Data records:
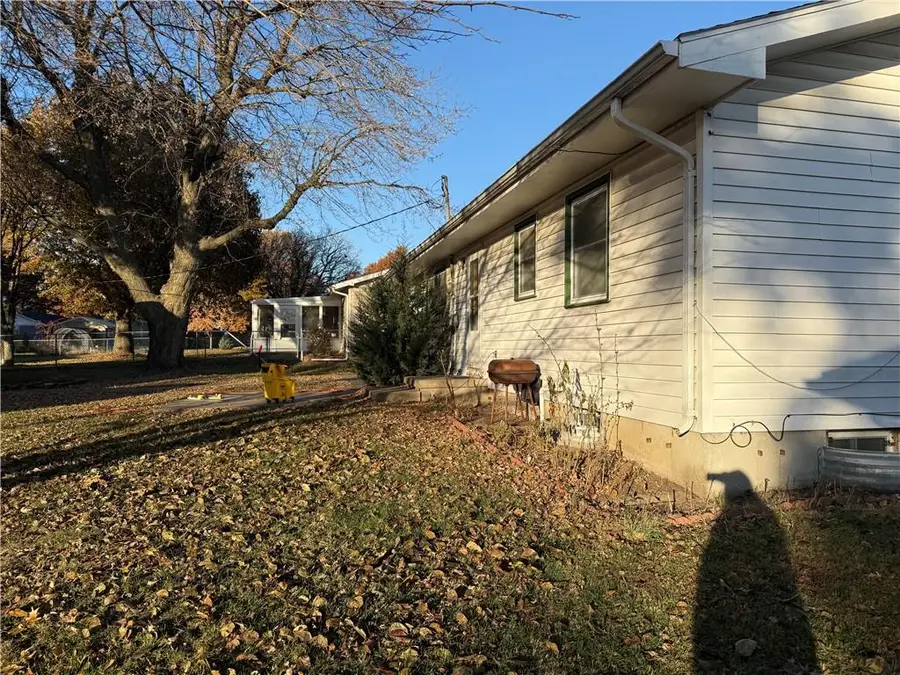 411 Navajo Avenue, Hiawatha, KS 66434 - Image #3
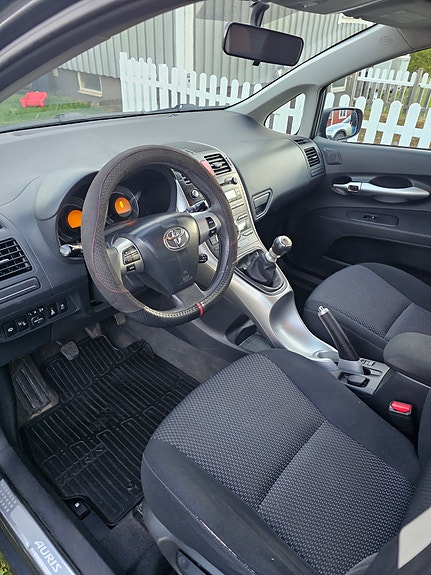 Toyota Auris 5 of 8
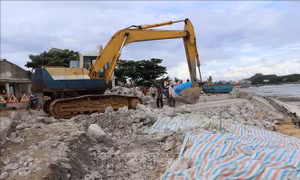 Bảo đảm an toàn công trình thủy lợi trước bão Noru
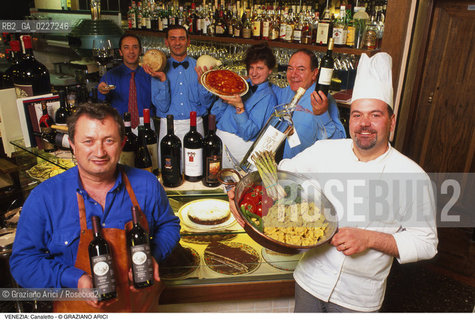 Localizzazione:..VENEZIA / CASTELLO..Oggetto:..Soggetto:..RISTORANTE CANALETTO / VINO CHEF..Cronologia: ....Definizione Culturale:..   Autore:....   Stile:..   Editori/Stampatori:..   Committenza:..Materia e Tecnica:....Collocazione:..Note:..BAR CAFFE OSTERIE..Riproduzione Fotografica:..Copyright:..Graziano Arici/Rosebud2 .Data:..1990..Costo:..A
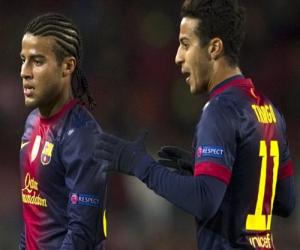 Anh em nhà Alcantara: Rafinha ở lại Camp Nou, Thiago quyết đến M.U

_What you are asked to do_
Each record should be printed exactly as it appears, leaving the pictures out.

_Task response_
 411 Navajo Avenue, Hiawatha, KS 66434 - Image #3
 Toyota Auris 5 of 8
 Bảo đảm an toàn công trình thủy lợi trước bão Noru
 Localizzazione:..VENEZIA / CASTELLO..Oggetto:..Soggetto:..RISTORANTE CANALETTO / VINO CHEF..Cronologia: ....Definizione Culturale:..   Autore:....   Stile:..   Editori/Stampatori:..   Committenza:..Materia e Tecnica:....Collocazione:..Note:..BAR CAFFE OSTERIE..Riproduzione Fotografica:..Copyright:..Graziano Arici/Rosebud2 .Data:..1990..Costo:..A
 Anh em nhà Alcantara: Rafinha ở lại Camp Nou, Thiago quyết đến M.U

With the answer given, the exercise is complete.